Amnesty International has condemned today’s court decision to uphold a five year sentence imposed on a Chinese activist who tried to publicize the number of children who died during the Sichuan earthquake and the corruption that led to their deaths.
The Chengdu City Intermediate People’s Court in Sichuan upheld Tan Zuoren’s sentence of five years imprisonment for “inciting subversion of state power” in a session lasting just 10 minutes.
“The entire trial and appeal process has been grossly unfair and politically motivated,” said Catherine Baber, Amnesty International’s Deputy Director for the Asia-Pacific. “China must free Tan Zuoren, and stop silencing social activists and anti-corruption campaigners with vague political charges and trials that do not even follow China’s own legal procedures.”
Tan Zuoren’s wife was permitted to attend the appeal, but his elder daughter waiting outside the court was taken away by two police officers in what was seen as an attempt to intimidate supporters gathered there.
Tan Zuoren, an environmental and human rights activist, was detained on 28 March 2009 after declaring his intention to release a list of names of children who died during the May 2008 Sichuan earthquake, along with an independent report on the collapse of school buildings during the quake.
Tan Zuoren’s trial in August 2009 was grossly unfair, ignoring China’s criminal justice procedures. Witnesses for the defense were prevented from testifying, and lawyers prevented from presenting arguments and evidence.
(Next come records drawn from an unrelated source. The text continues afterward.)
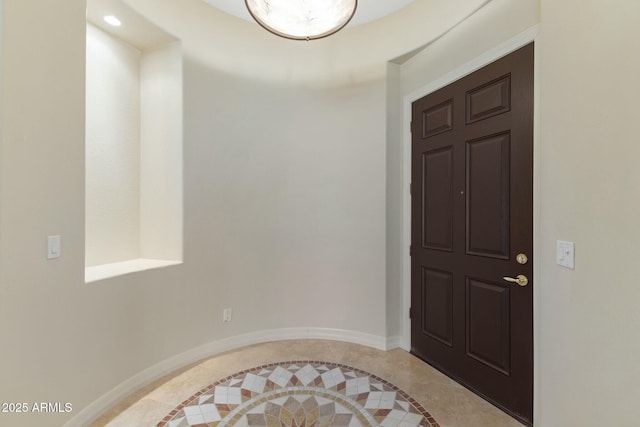 foyer entrance with baseboards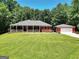 Charming red brick home featuring a welcoming front porch and lush green lawn with a detached garage at 543 Wynn Rd, Mcdonough, GA 30252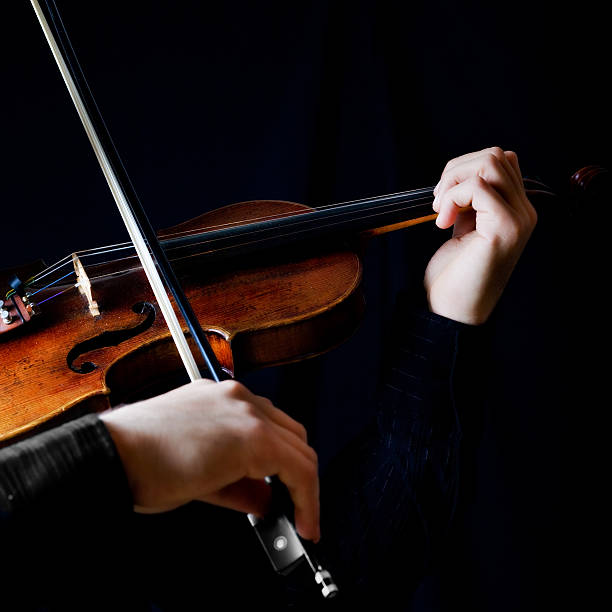 istock Photo of violin player on black background 95059863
One scheduled witness, the acclaimed artist Ai Weiwei, was detained by security forces until the trail had ended and was beaten until he required hospitalization.
The confirmation of sentence comes a day after China’s State Council issued a White Paper or policy document promoting the government’s “guarantee of citizens’ freedom of speech on the internet.” The White Paper also asserts the “public’s right to know, to participate, to be heard and to oversee in accordance with the law.”
“Tan Zuoren was exercising precisely these fundamental rights,” said Catherine Baber. “Continuing prosecutions of human rights defenders such as Tan Zuoren clearly demonstrates the gap between promises and practice on freedom of speech in China.”
The initial indictment made reference to Tan Zuoren’s activities relating to the Sichuan earthquake, although the ultimate verdict focused on his commemorations of the Tiananmen Square massacre of 4 June 1989 via an online diary posted on an overseas website “The Fire of Liberty” in 2007, and email contact with Wang Dan, an exiled 1989 student leader.